### What you are asked to do
Every record below, from first to last, should be copied exactly; leave the pictures out.

[Opening Extracted records section]

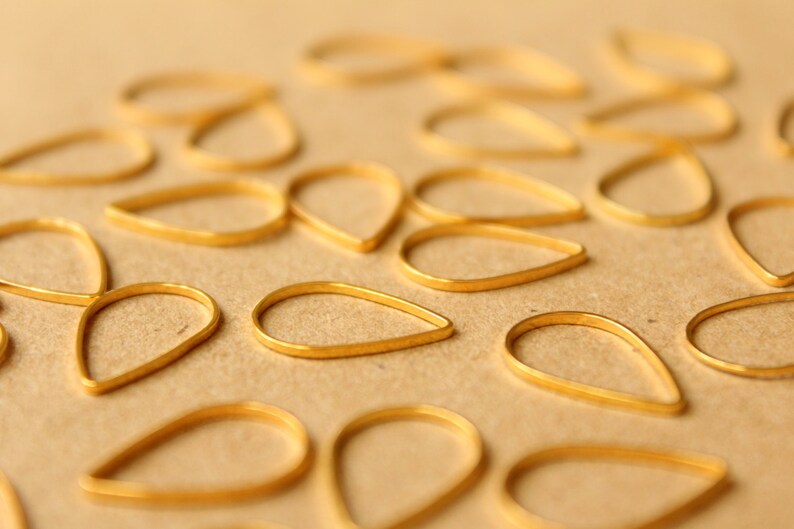 50 pc. Gold Plated Teardrop Links: 16mm by 11mm FI-295 image 2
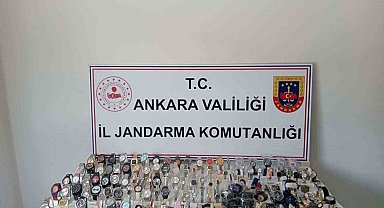 Kaçak saat operasyonunda 3,2 milyon liralık ürün ele geçirildi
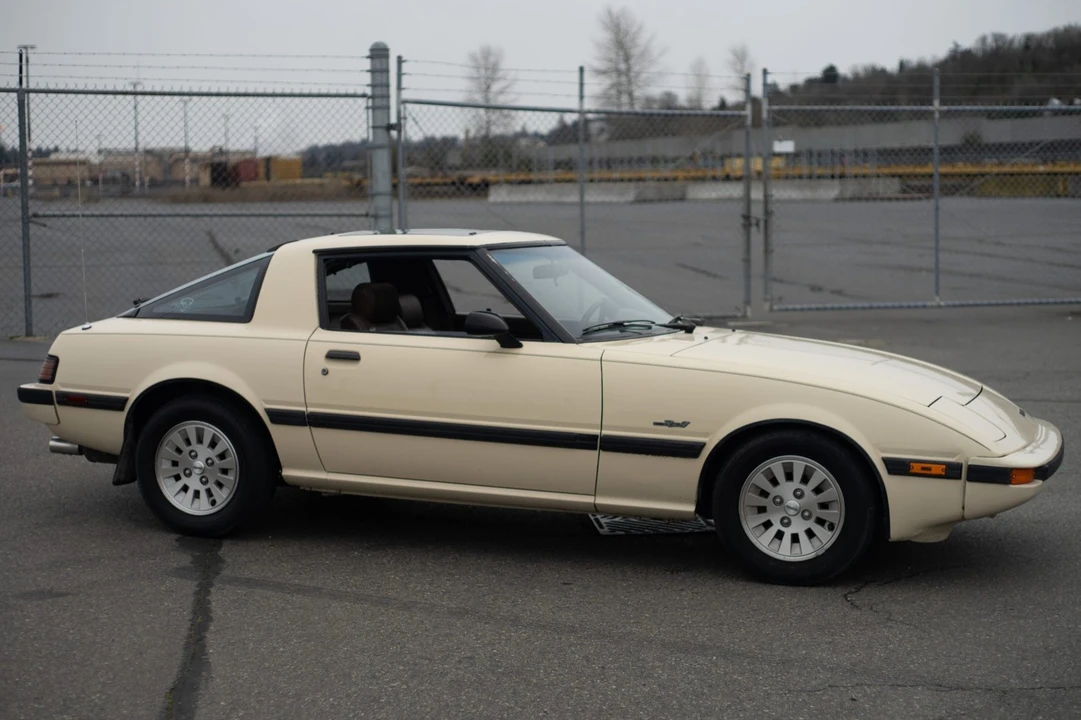 1984 Mazda RX-7 SA & FB - Image 11 of 31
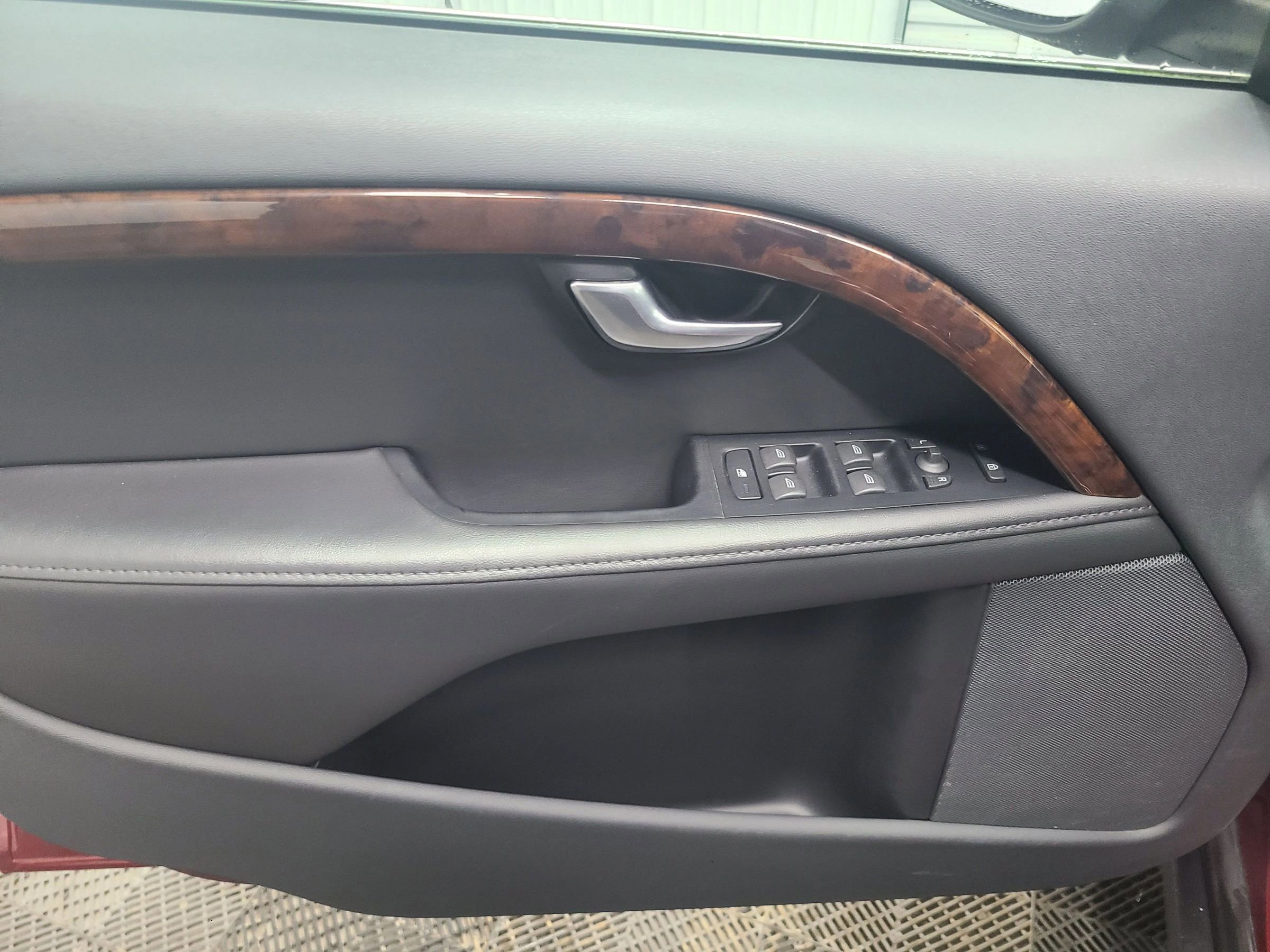 Used 2013 Volvo XC70 3.2 image 22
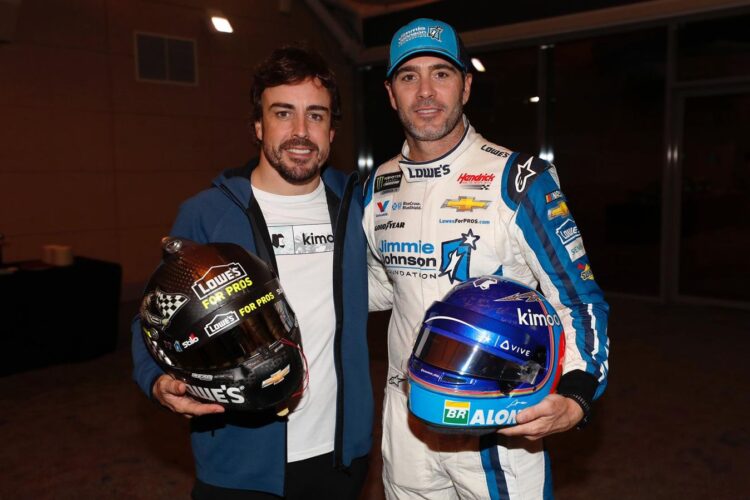 It’s official: Chevrolet to Power Fernando Alonso at Indy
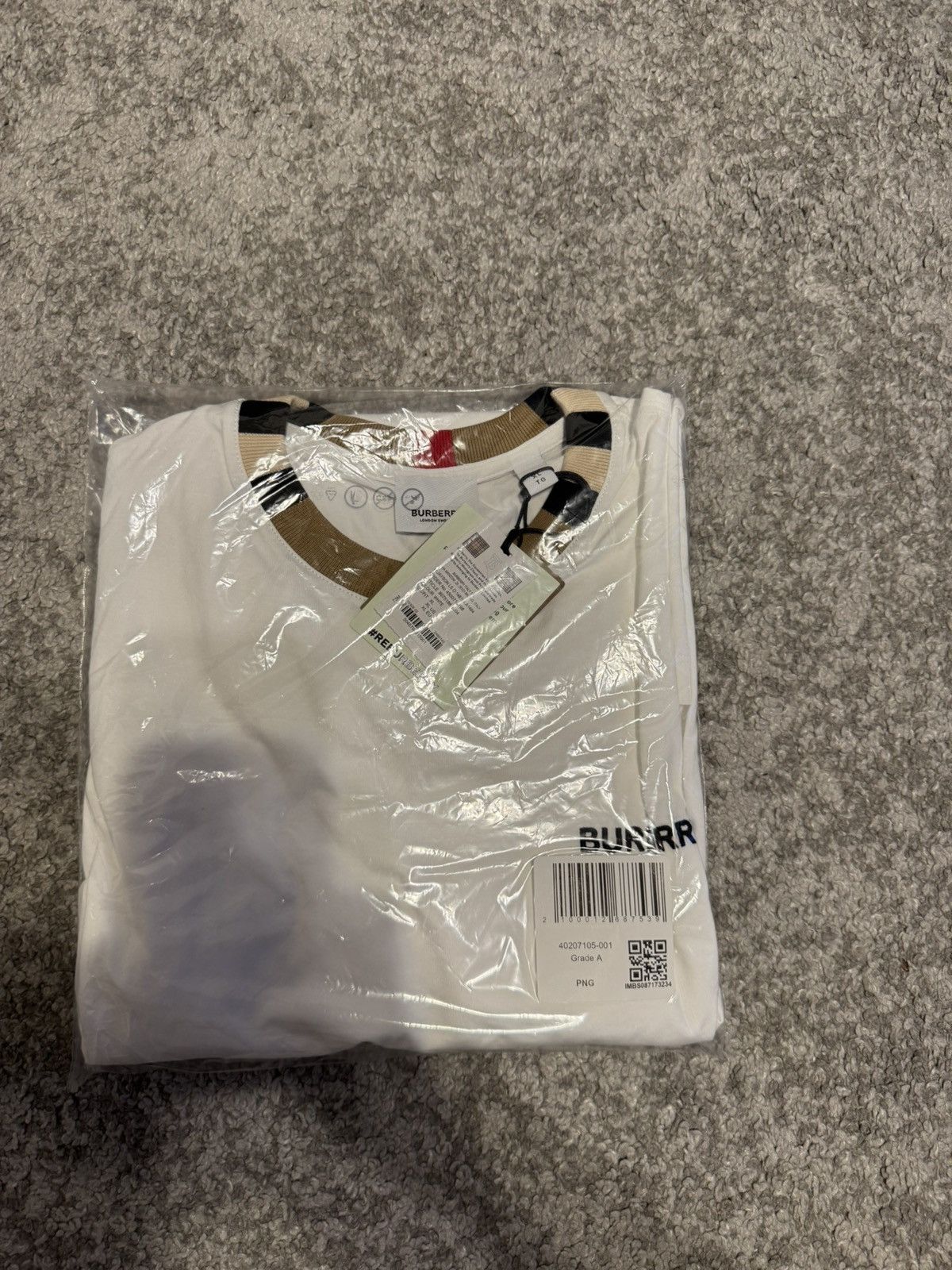 Burberry Burberry longsleve Size US XL / EU 56 / 4 - 1 Thumbnail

[Closing Extracted records section]

### Answer section
 50 pc. Gold Plated Teardrop Links: 16mm by 11mm FI-295 image 2
 Kaçak saat operasyonunda 3,2 milyon liralık ürün ele geçirildi
 1984 Mazda RX-7 SA & FB - Image 11 of 31
 Used 2013 Volvo XC70 3.2 image 22
 It’s official: Chevrolet to Power Fernando Alonso at Indy
 Burberry Burberry longsleve Size US XL / EU 56 / 4 - 1 Thumbnail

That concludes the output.